O aumento será aplicado de forma linear sobre os vencimentos de todas as carreiras, elevando a folha de pagamento do Estado em aproximadamente R$ 1,75 bilhão. Na prática, o reajuste amplia a renda mensal dos profissionais da segurança pública e pressiona o orçamento estadual, que precisará absorver o impacto nos próximos anos.

Segundo o governo, o reajuste faz parte de uma política de valorização das forças policiais. A gestão estadual também destaca mudanças recentes nas regras de progressão de carreira, que devem facilitar promoções e evolução salarial ao longo do tempo.

Com o novo aumento, o ganho acumulado das carreiras policiais chega a cerca de 35% desde o início da atual administração. O índice supera a inflação registrada no período, estimada em torno de 14%, o que indica aumento real de renda para os profissionais.

Além disso, o governo considera no cálculo um reajuste concedido anteriormente, em 2022, elevando o impacto total das medidas salariais para aproximadamente 55% ao longo dos últimos anos.

Outro ponto citado pela gestão é a alíquota previdenciária de 10,5%, considerada baixa em comparação com outros estados.

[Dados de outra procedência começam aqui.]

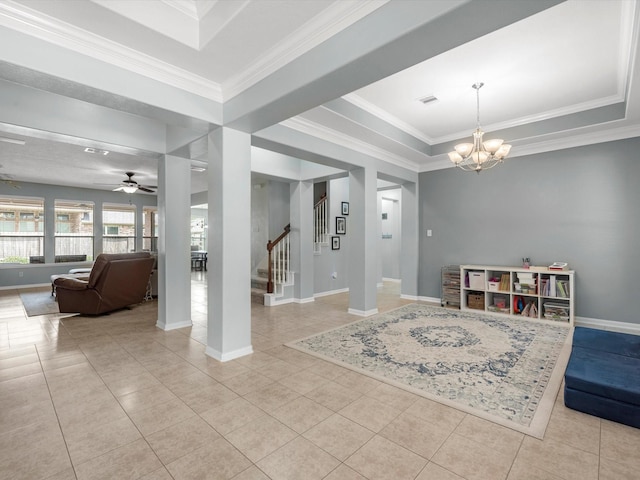 foyer featuring stairs, a chandelier, tile patterned floors, ceiling fan, and baseboards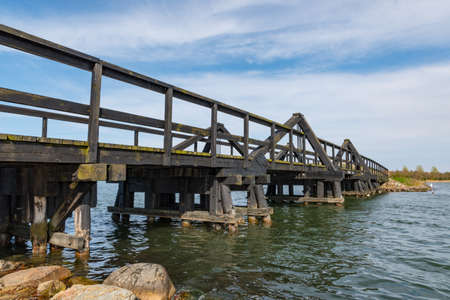 bridge towards island of Langoe in Denmarkの写真素材
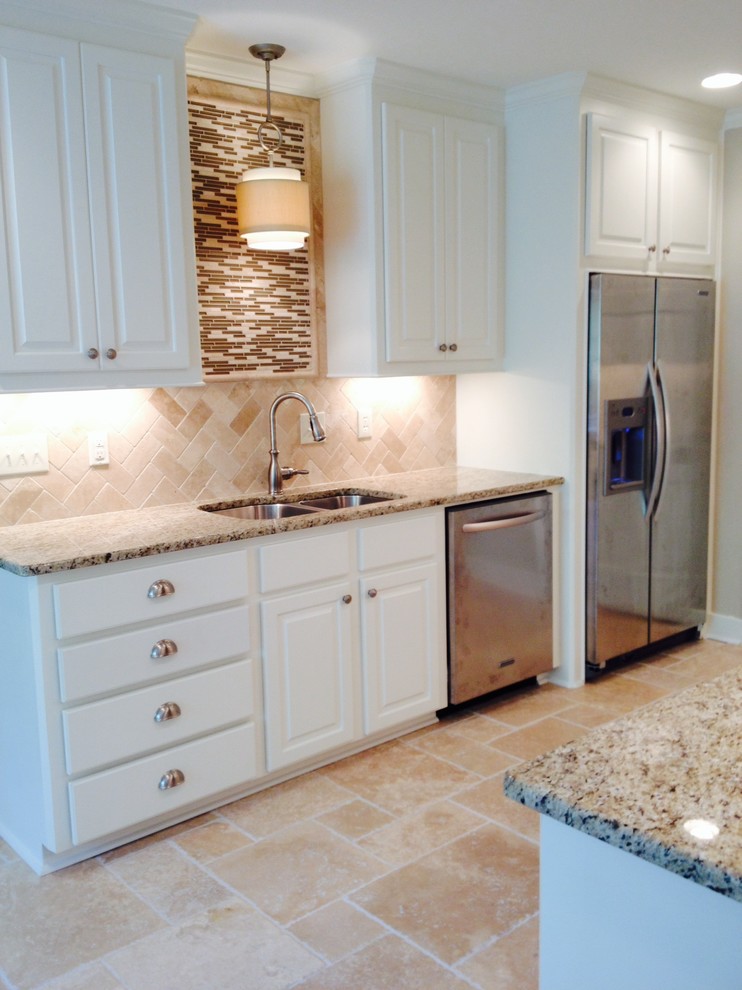 Mid-sized transitional galley ceramic tile and beige floor enclosed kitchen photo in Jackson with a double-bowl sink, raised-panel cabinets, white cabinets, granite countertops, brown backsplash, stainless steel appliances, no island and stone tile backsplash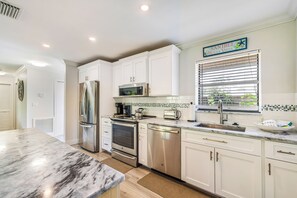 A kitchen with white cabinets, stainless steel appliances, a marble countertop, and a sign above the window. - Blind Pass Condos at Bowman's Beach A205 on beautiful Sanibel Island (Sanibel)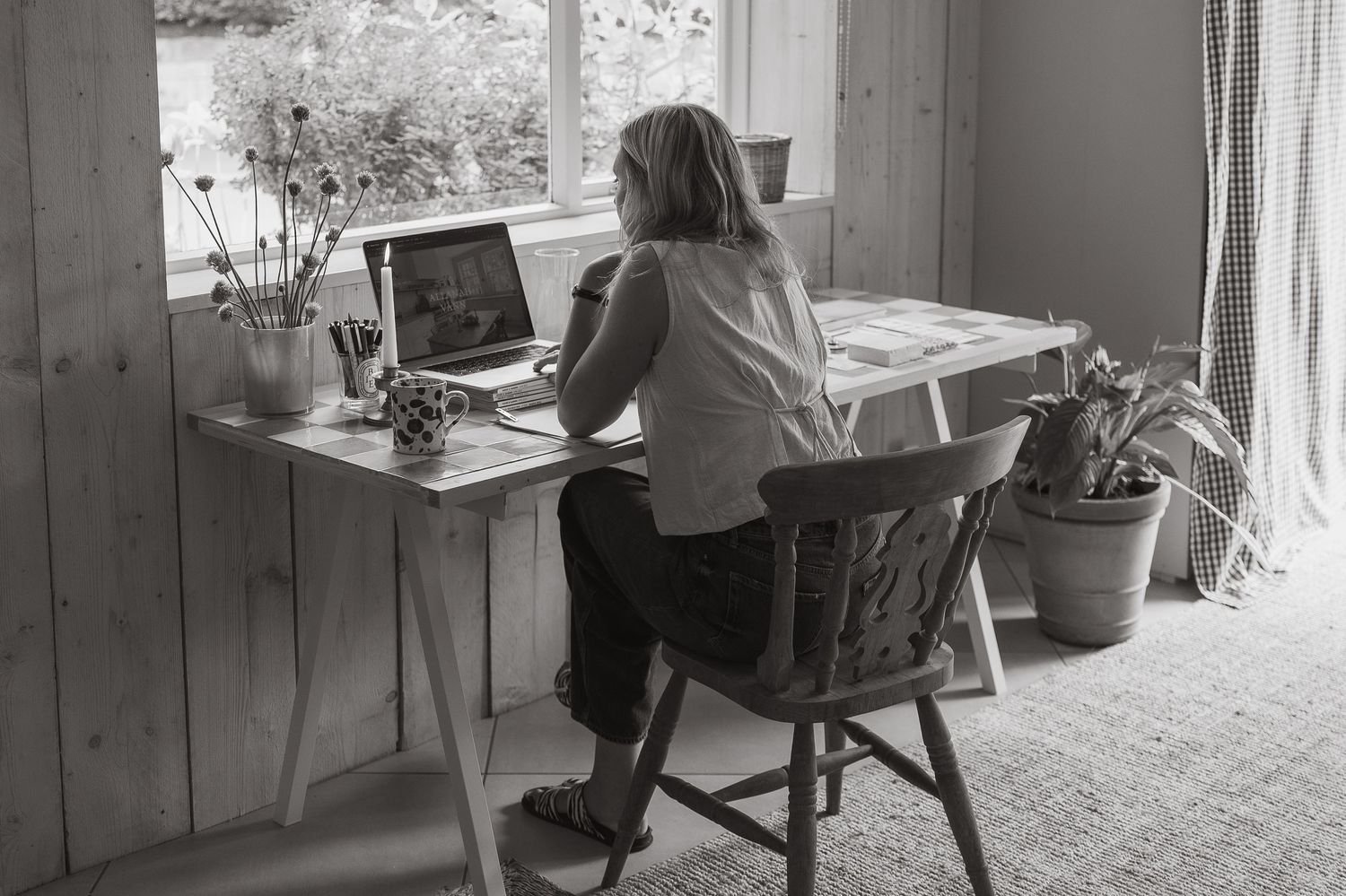A black and white photo montage shows multiple people working at desks in a vintage office setting.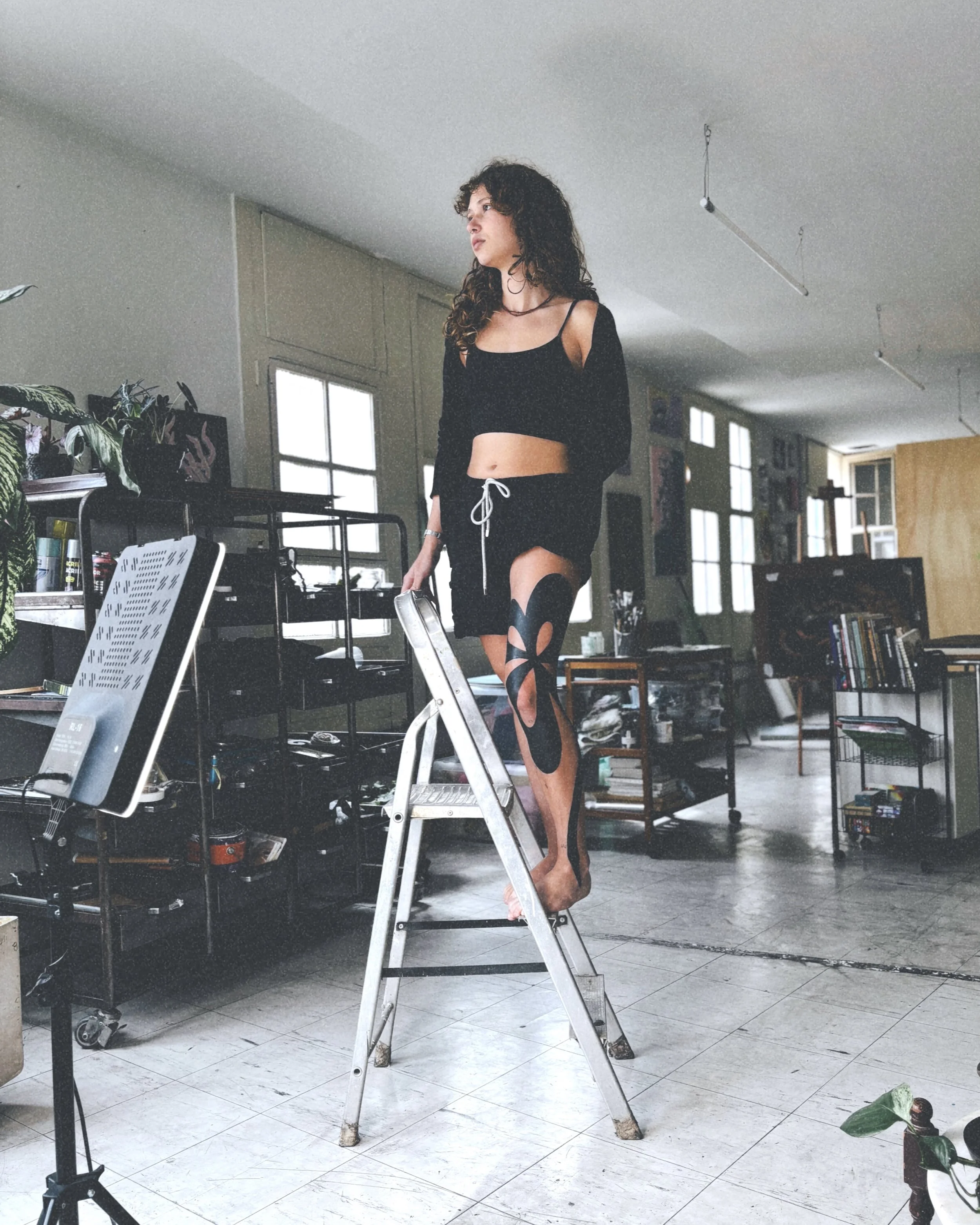 A woman with curly hair standing on a ladder in an art studio, wearing a black crop top, shorts, and eye-catching cut-out tights, surrounded by art supplies and books.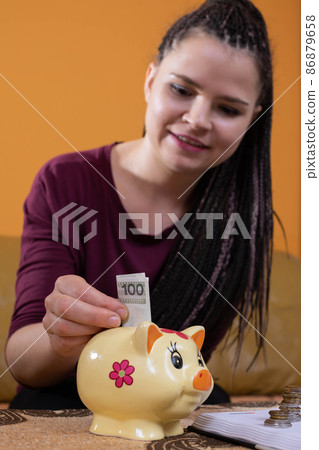 Reasonable planning and saving money are effective after the first year. A happy young teenager because she has learned to plan her expenses well. 86879658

Na prática, isso significa que os policiais ficam com uma parcela maior do salário líquido após os descontos obrigatórios.

O reajuste ocorre em meio a debates sobre segurança pública e valorização das forças policiais, tema recorrente tanto no cenário estadual quanto nacional, especialmente diante da pressão por melhores condições de trabalho e remuneração na área.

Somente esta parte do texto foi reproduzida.